From Vision to Strategy: The Role of Coaching

During the last century, we became increasingly over reliant on left brain logic, to help solve problems, get us out of financial fixes and provide health solutions. But over the last 10 years or so, we have started to see that logic alone doesn’t solve everything.

Successful leaders, whatever organisation they are part of, understand the art of unlocking creativity and skilfully weaving ideas into a tangible form. They recruit the best that the left brain has to offer, with the adaptability and innovation of the right brain, to produce amazing outcomes and cutting edge services and products.

When talking about leadership, Margaret Wheatley makes this clear:

“If we don’t start to learn as leaders who people are, what they are capable of, what their potential is, how creative most people can be… then we are not going to succeed. A profound shift in our culture has to take place… that evokes our creativity and brings out the best of each person’s talent”

The Coaching profession really understands this, and it’s not just the realm of leadership and executive coaching. Supporting a creative vision while it is developing, protecting it during its fragile, seed like state and helping it grow, is a key role for all coaches, whether they work with small businesses, large corporations or with individuals wanting to write their first book.

Many of us have ideas.Unless we take steps to translate that into reality, it’s just an idea.

Coaching is often used to help generate ideas or vision, however coming up with an idea is often the easy part, translating that idea into reality, is much harder. At the start, a good coach will help people to clarify their idea or vision. This will include “testing” the idea both theoretically and practically. Coaches help people to see how their idea or vision will fit with their lives or the wider business.

This is all part of a creative process which is not linear and hops between the left and right sides of the brain. A skilled coach will help the “corpus callosum” get really toned up (this is the part of the brain which connects the left and right hemispheres and its essential when trying to turn right brain creative ideas into reality). Skillful questioning, alongside on-going visioning is key to turning the “intangible” into a tangible form, whatever that may be.

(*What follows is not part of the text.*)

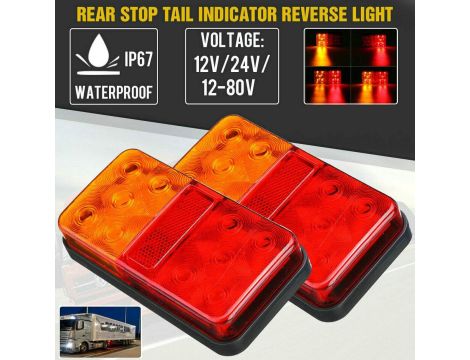 Tylne Światła LED 12 V Światła Do Przyczep  Uniwersalne 2 Szt - 4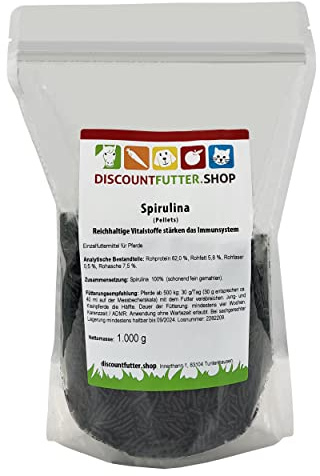 Spirulina Pellets für Pferde, Poweralge, 1 kg | Alge als Ergänzungsfutter für Pferde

During this process, many fears and barriers will surface. This might include tackling any negativity which surfaces, for example: “we don’t have the resources or time to do this” or “management will never buy into this” or “I just don’t have any space in my life to write” or “I’m not good enough”. Whether they belong to an individual or a team, a coach will help identify the barriers and work to reduce them or find ways round.

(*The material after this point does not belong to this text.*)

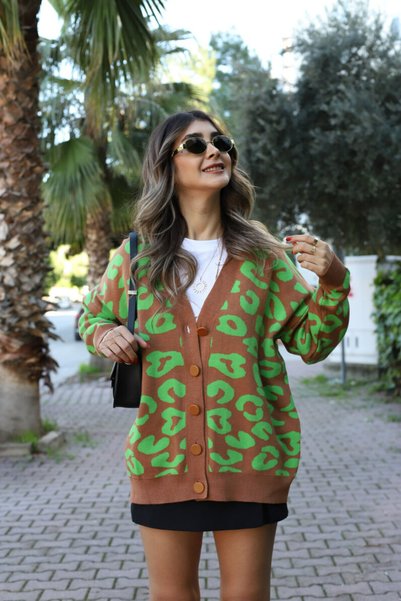 bytugcekaya Cardigan cu pete de mărime standard verde fistic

When faced with the enormity of bringing an idea to life, overwhelm often sets in and can cause all sorts of challenges including procrastination, self-doubt and self-sabotage. Coaches understand how to overcome these common problems and support people by breaking down tasks into achievable steps and maintaining accountability so that people keep going. Generating a time bounded, structured plan which allows the flexibility that emerging ideas require, is one of coaching’s major strengths.

Making sure that the plan is understood by all and time isn’t wasted by mis-understandings is crucial. Issues arising from poor interpretation and communication can also hinder moral. A coach will, therefore, help ensure that communication is maintained between all key parties involved. This might include the development of a common language, which is often needed when developing something completely new.

Coaching received from an experienced, adaptable, accredited coach will ensure that the process of translating a vision into a strategy is understood by all and that momentum is maintained. Sometimes, things take time to emerge, but unless momentum of some sort is maintained, those great ideas will never become more than scribbles of red marker pen, on flip chart paper, hidden at the back of the filing cabinet.